#### Data records
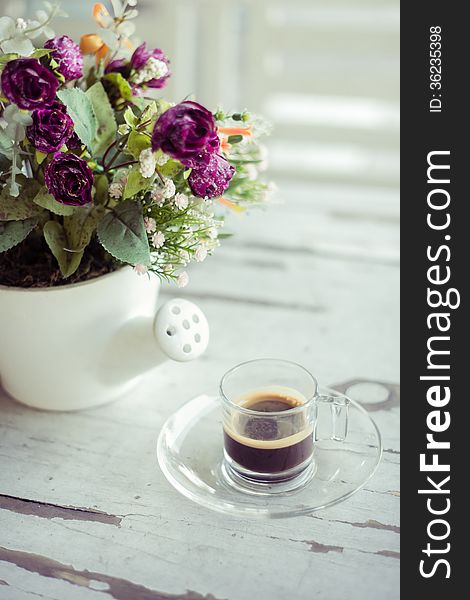 Cup of coffee with flowers on vintage table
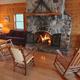 Cozy cabin/lodge interior with wood paneling and stone fireplace — represents lodging common room/amenities on the property (used in lodging/gallery pages).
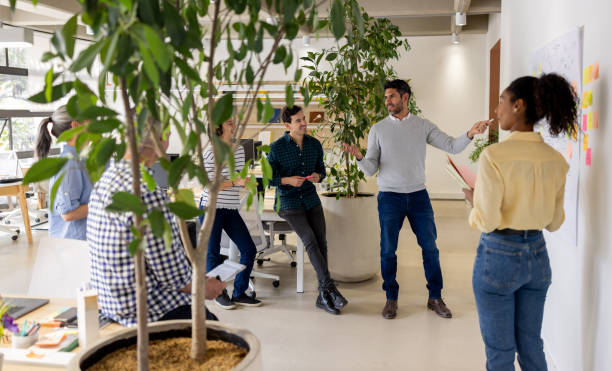 Businessman making a presentation to his team at the office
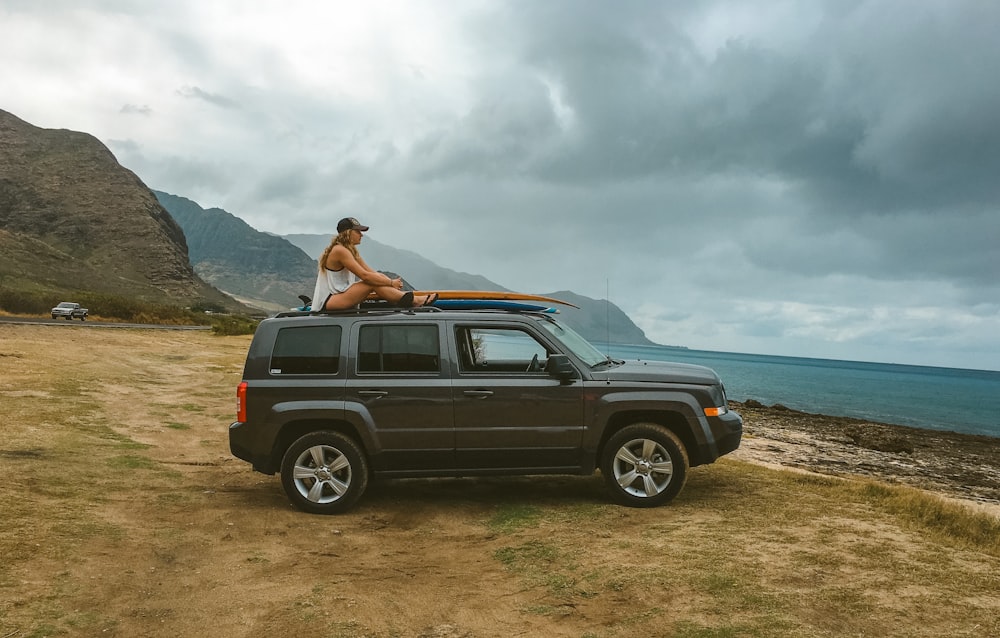 woman wearing white tank top sitting on top of gray SUV viewing body of water and mountain under white and gray sky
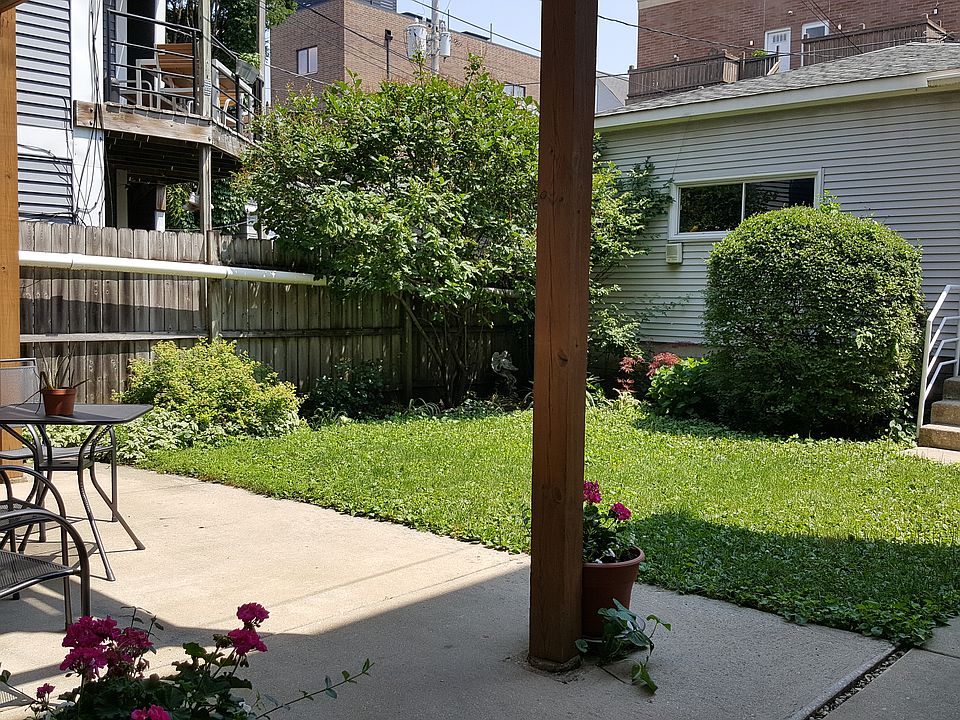 Backyard with garden. Cement patio with table and chairs.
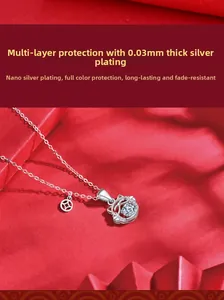 Detail of s925 silver lucky cat pendant with dancing moissanite on red silk background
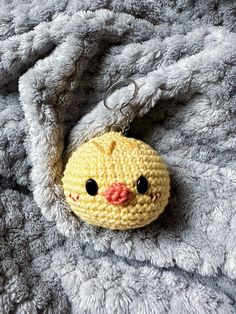 a crocheted yellow chick keychain laying on a gray blanket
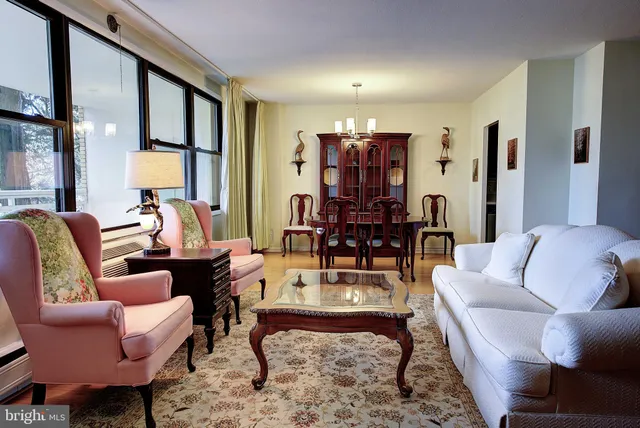 a living room with furniture fireplace and a large window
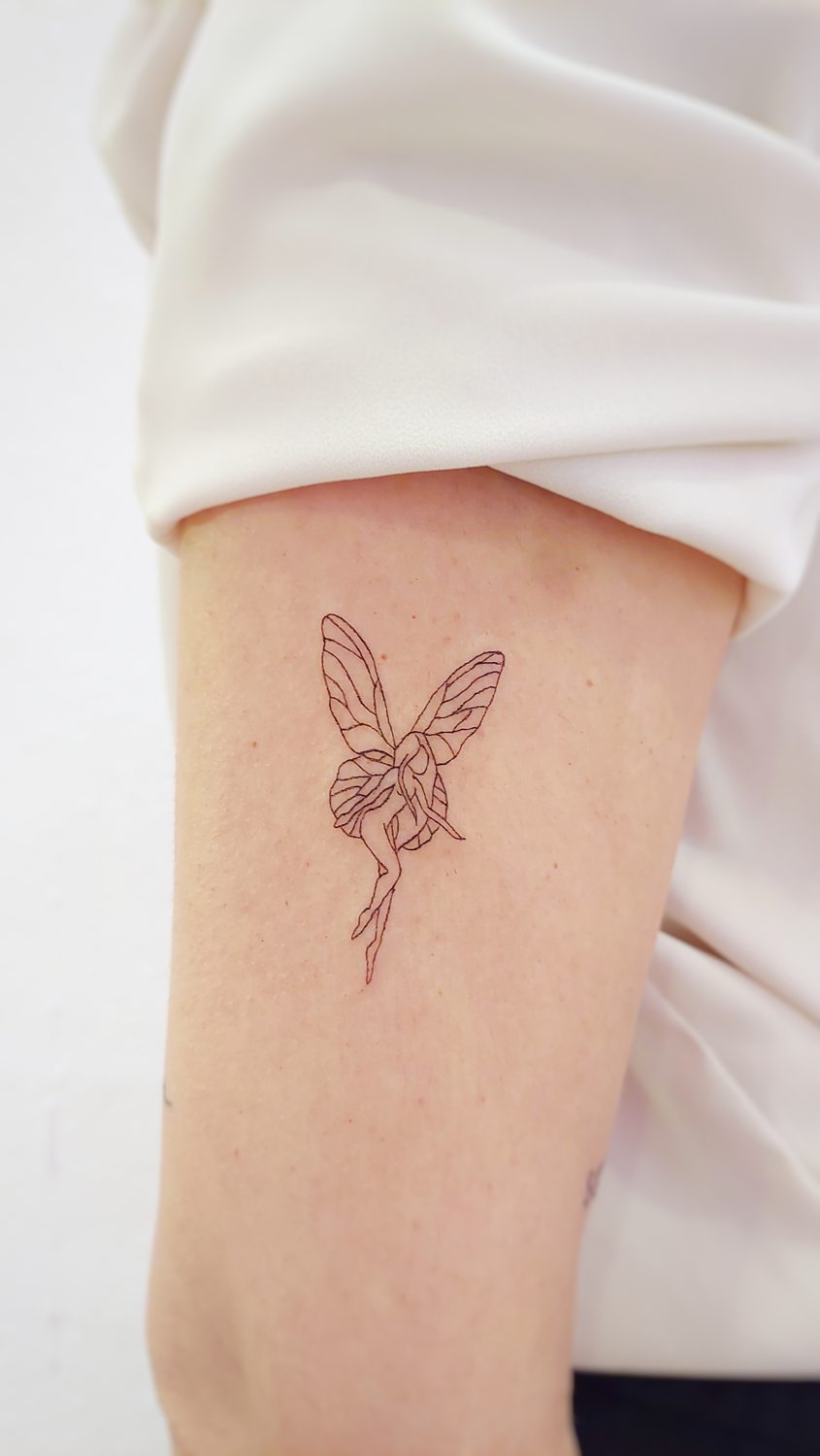 Tatuaje minimalista de hada en el brazo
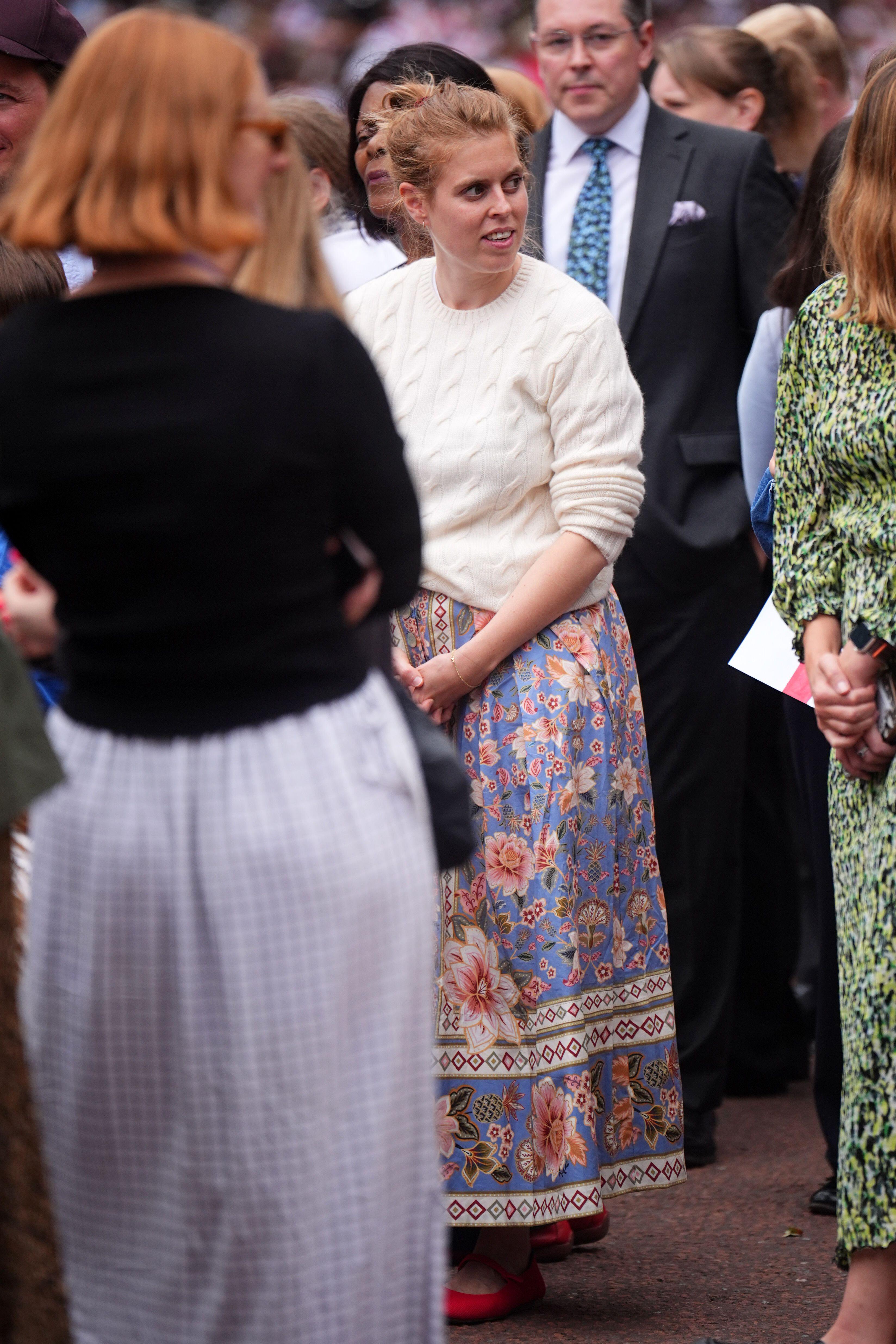 Princess Beatrice wearing a cream sweater and blue floral skirt in a crowd of people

#### TASK TO COMPLETE
Leaving out only the pictures, retype every record exactly.

#### RESULT
 Cup of coffee with flowers on vintage table
 Cozy cabin/lodge interior with wood paneling and stone fireplace — represents lodging common room/amenities on the property (used in lodging/gallery pages).
 Businessman making a presentation to his team at the office
 woman wearing white tank top sitting on top of gray SUV viewing body of water and mountain under white and gray sky
 Backyard with garden. Cement patio with table and chairs.
 Detail of s925 silver lucky cat pendant with dancing moissanite on red silk background
 a crocheted yellow chick keychain laying on a gray blanket
 a living room with furniture fireplace and a large window
 Tatuaje minimalista de hada en el brazo
 Princess Beatrice wearing a cream sweater and blue floral skirt in a crowd of people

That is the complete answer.